***** Data records *****
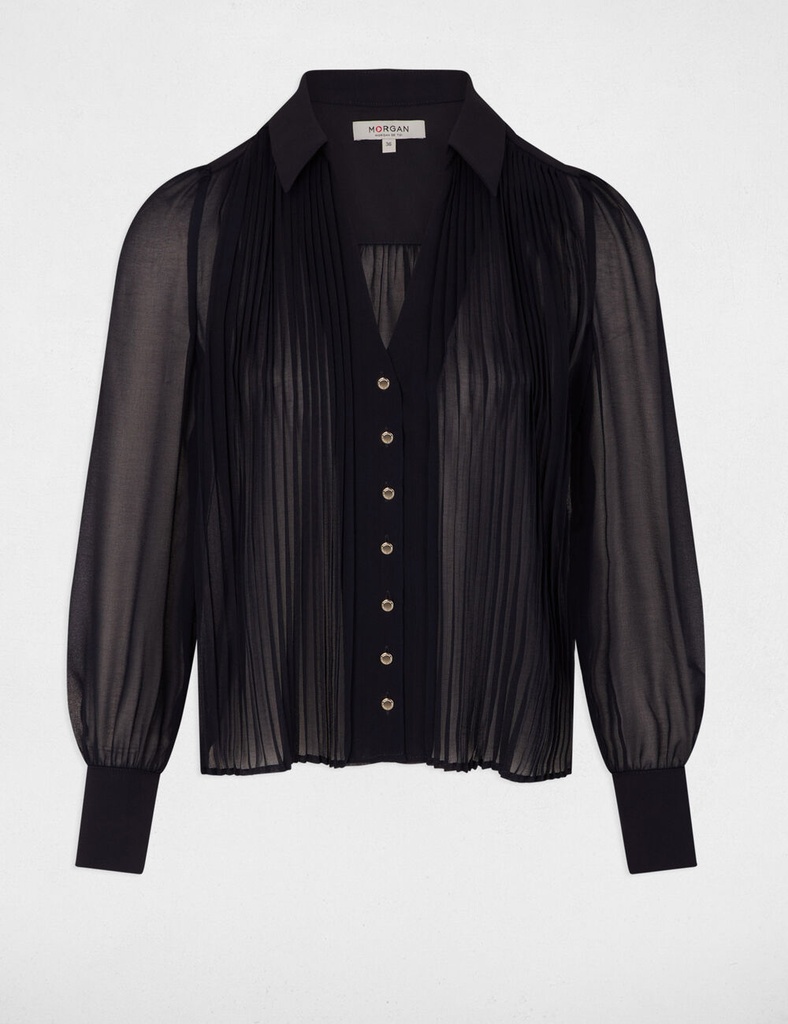 Camisa manga larga pliegues marino 242-Cplia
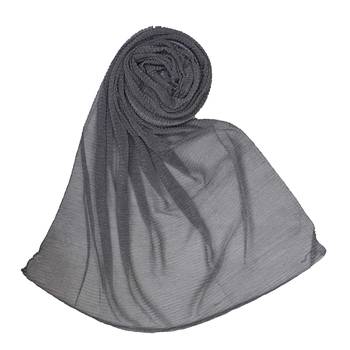 Grey Mesh Sparkling Crinkle Cotton Stole 1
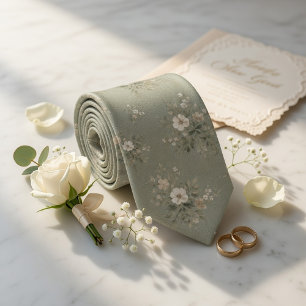 Rustikale Salbeigrüne Vintage-Blumenmuster Krawatte
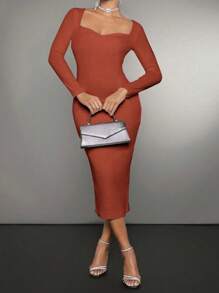 Women Sweater Dresses - 棕色 - 查看 1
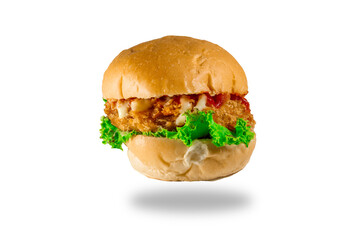 Chicken hamburger on white background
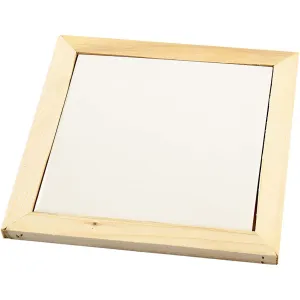 White Porcelain Trivet With Pine Wood Frame Decoration Crafts 15x15 cm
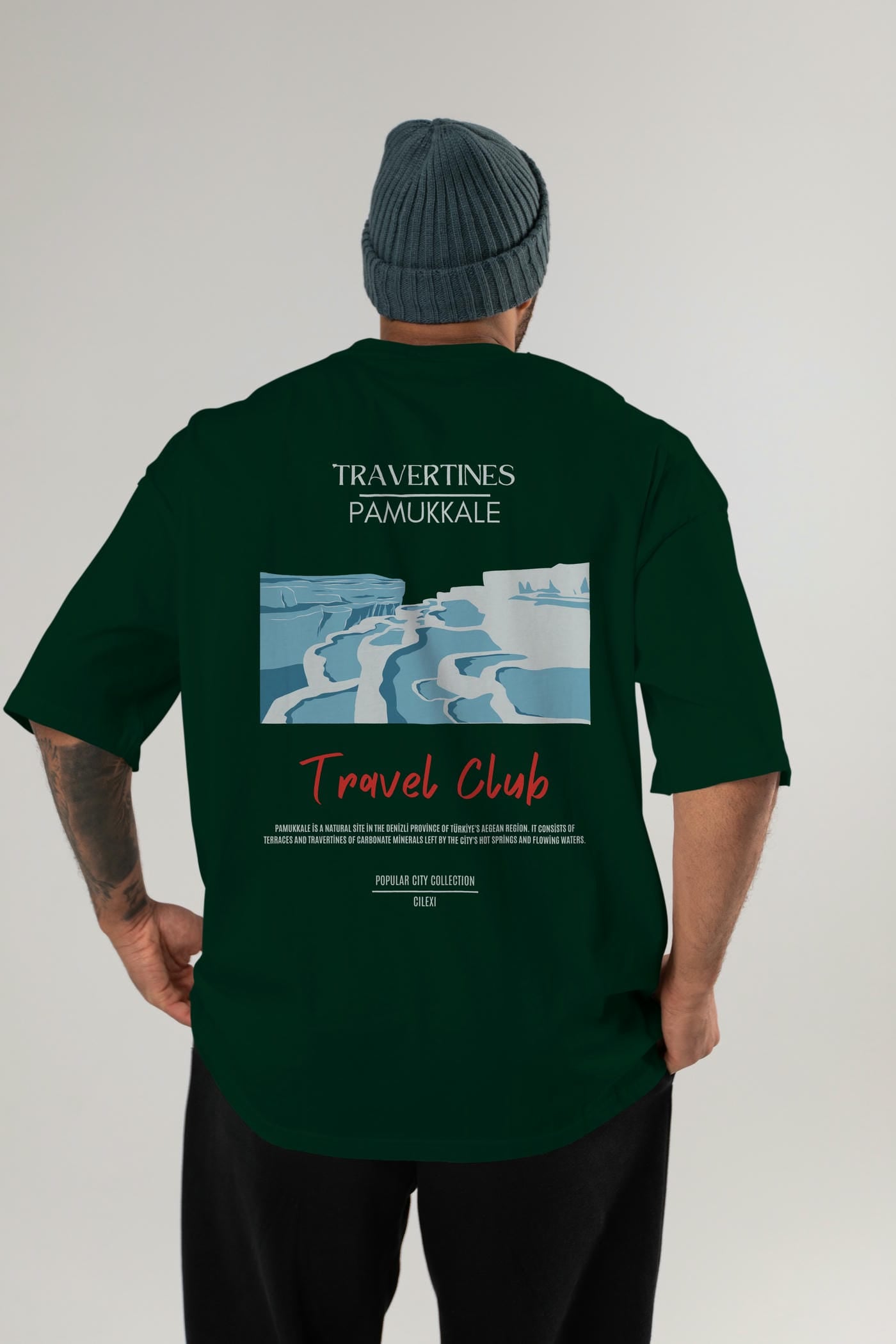 Travertines Pamukkale Arka Baskılı Oversize t-shirt Erkek Kadın Pamuk Bisiklet Yaka tişort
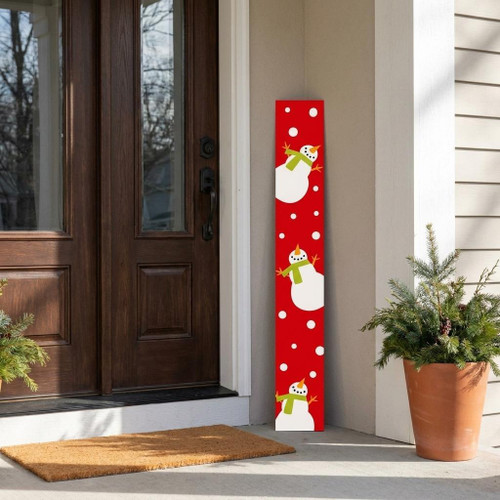 47" Red And White Solid Wood Snowman Porch Sign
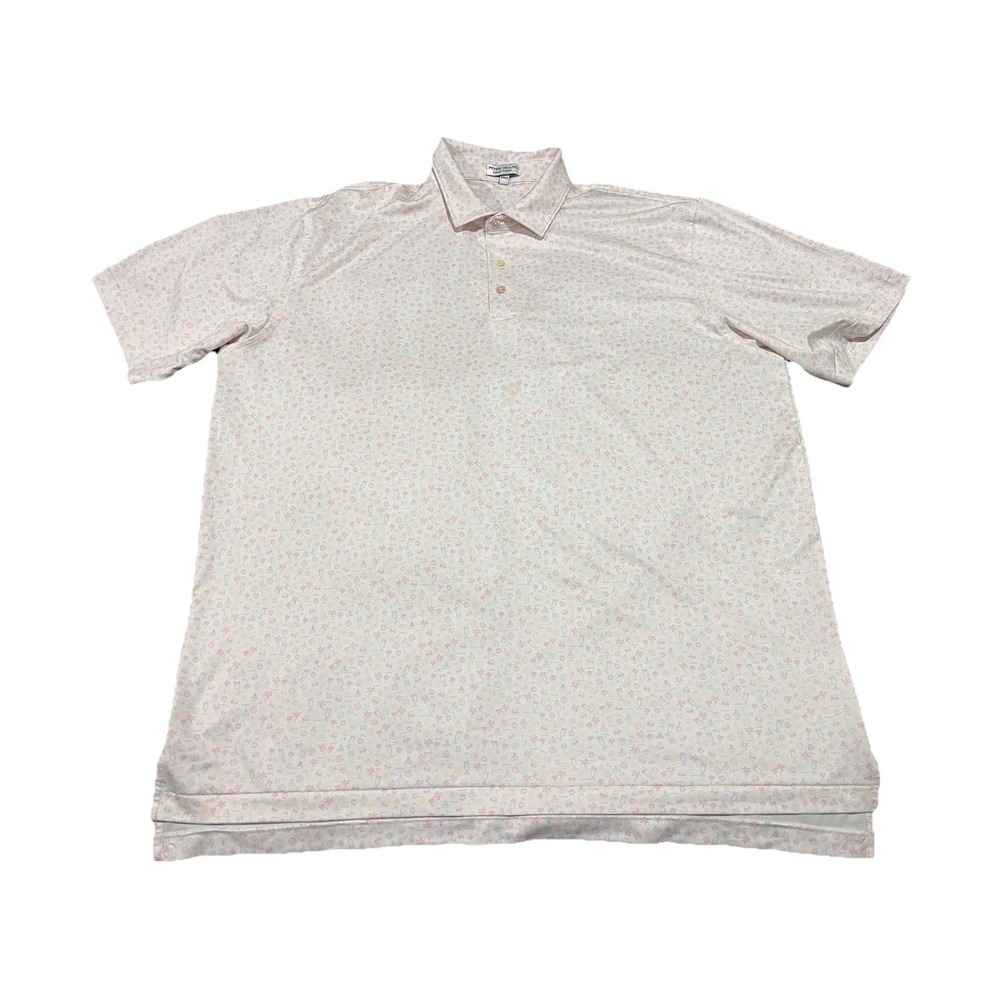 Peter Millar Utopia Burger Performance Summer Comfort Golf Polo Shirt SS Sz XL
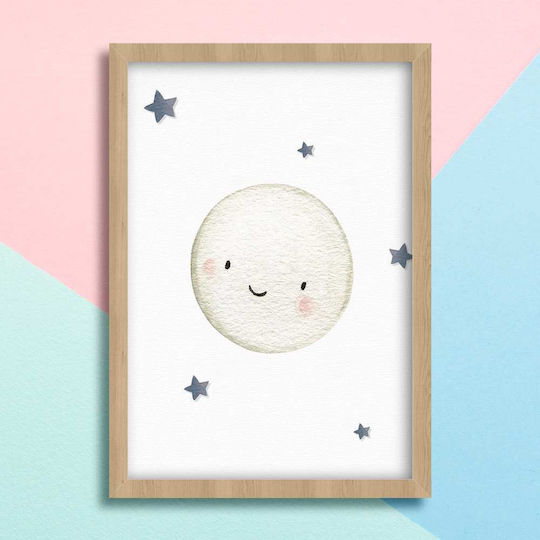 Kids Wall Art Moon with White Wooden Frame 40x50cm
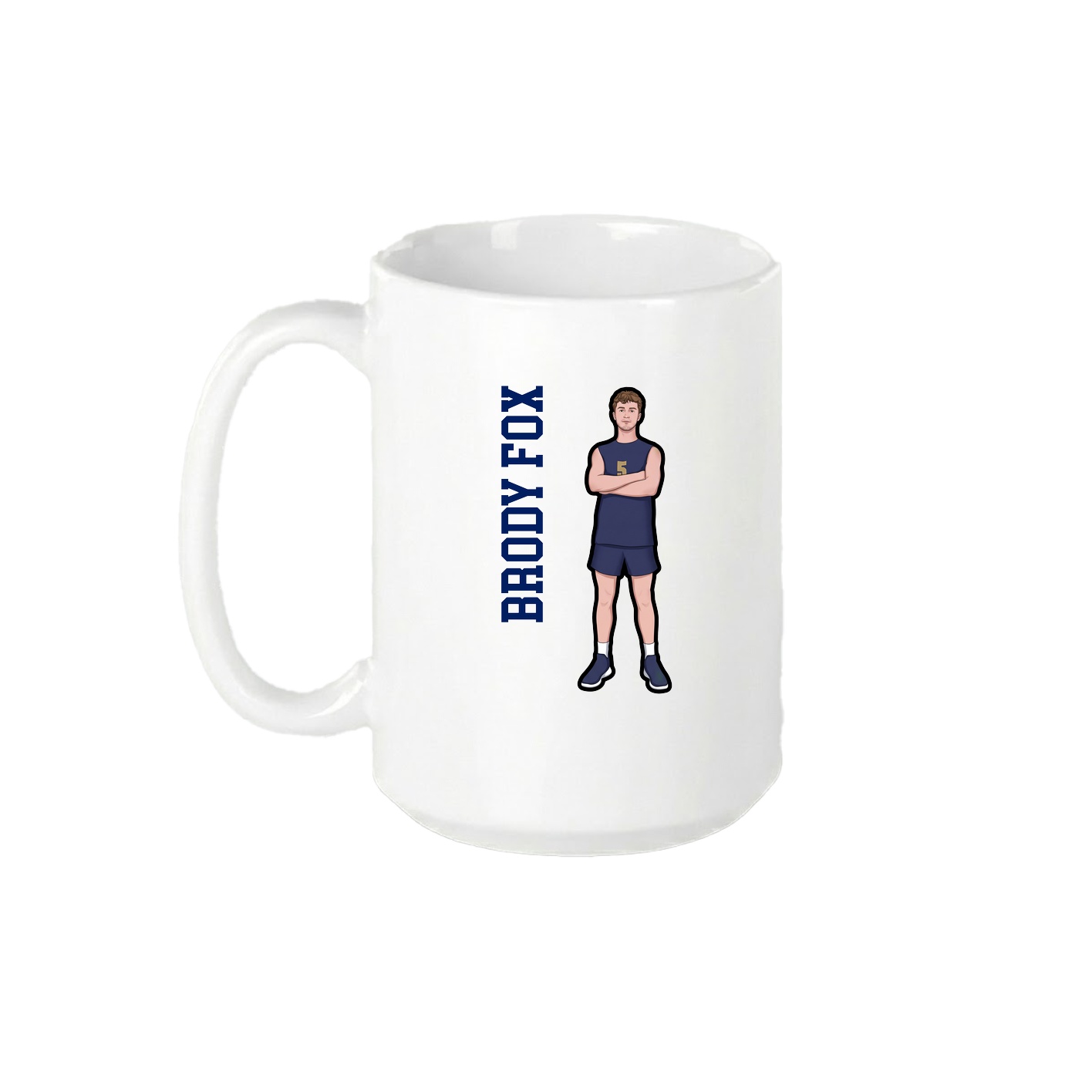 15oz Coffee Mug — Name Vertical in White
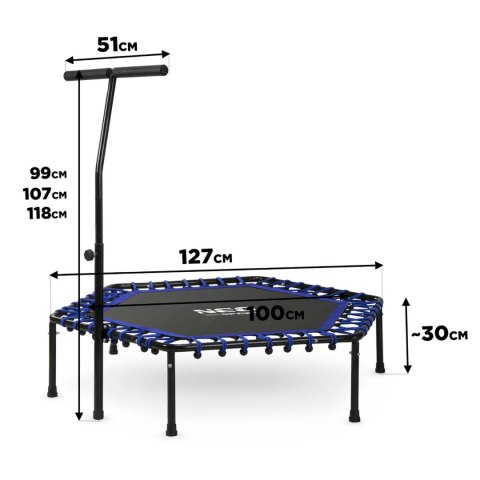TRAMPOLINA FITNESS Z UCHWYTEM 127 CM NEO-SPORT - SZEŚCIOKĄTNA NIEBIESKA TRAMPOLINA FITNESS Z UCHWYTEM 127 CM NEO-SPORT - SZEŚCIOKĄTNA NIEBIESKA
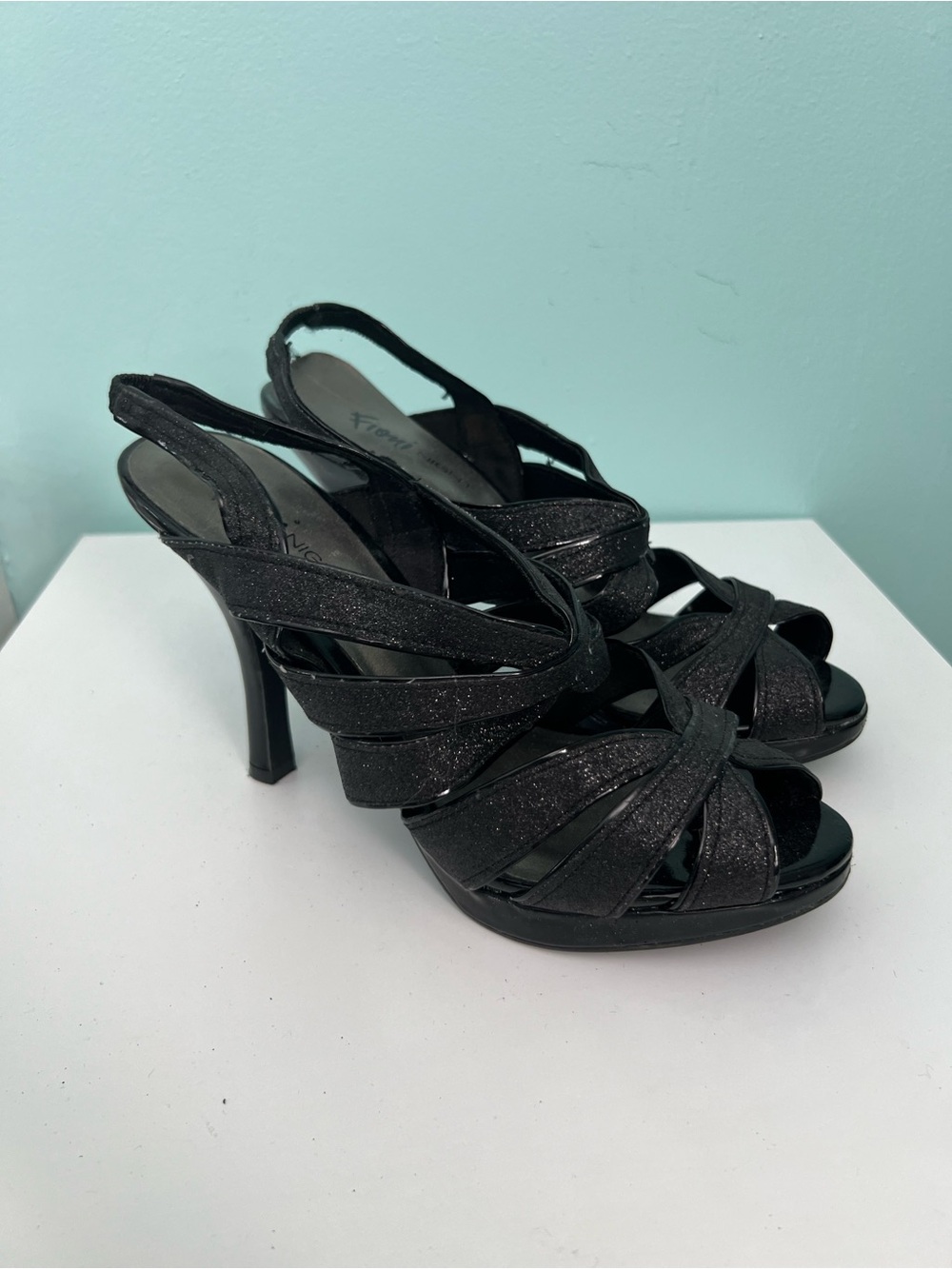 Black Glitter Strappy Heels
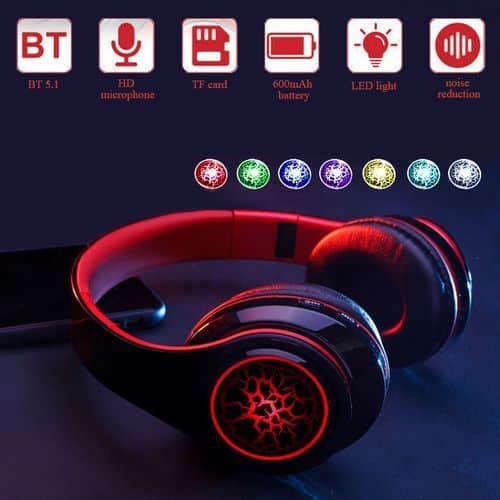 Wireless Bluetooth Headphones On-Ear Headset - Black & Red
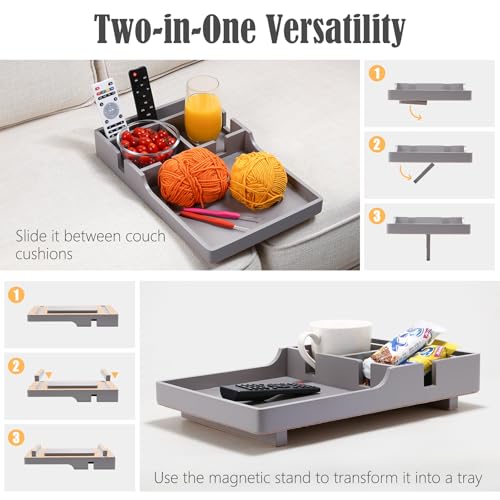 Nnewvante Couch Tray Between Cushion, 2-in-1 Insert & Flat Sofa Organizer Bamboo with 4 Compartments,Fits Middle Couch or Ottomans,for Snacks, Drinks, Remotes,15.35x9.84-inch,Gray - color: Gray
*****
What this task involves: Above are the records; return them exactly, minus the pictures.

Solution:
 Camisa manga larga pliegues marino 242-Cplia
 Grey Mesh Sparkling Crinkle Cotton Stole 1
 Rustikale Salbeigrüne Vintage-Blumenmuster Krawatte
 Women Sweater Dresses - 棕色 - 查看 1
 Chicken hamburger on white background
 White Porcelain Trivet With Pine Wood Frame Decoration Crafts 15x15 cm
 Travertines Pamukkale Arka Baskılı Oversize t-shirt Erkek Kadın Pamuk Bisiklet Yaka tişort
 47" Red And White Solid Wood Snowman Porch Sign
 Peter Millar Utopia Burger Performance Summer Comfort Golf Polo Shirt SS Sz XL
 Kids Wall Art Moon with White Wooden Frame 40x50cm
 15oz Coffee Mug — Name Vertical in White
TRAMPOLINA FITNESS Z UCHWYTEM 127 CM NEO-SPORT - SZEŚCIOKĄTNA NIEBIESKA TRAMPOLINA FITNESS Z UCHWYTEM 127 CM NEO-SPORT - SZEŚCIOKĄTNA NIEBIESKA
 Black Glitter Strappy Heels
 Wireless Bluetooth Headphones On-Ear Headset - Black & Red
 Nnewvante Couch Tray Between Cushion, 2-in-1 Insert & Flat Sofa Organizer Bamboo with 4 Compartments,Fits Middle Couch or Ottomans,for Snacks, Drinks, Remotes,15.35x9.84-inch,Gray - color: Gray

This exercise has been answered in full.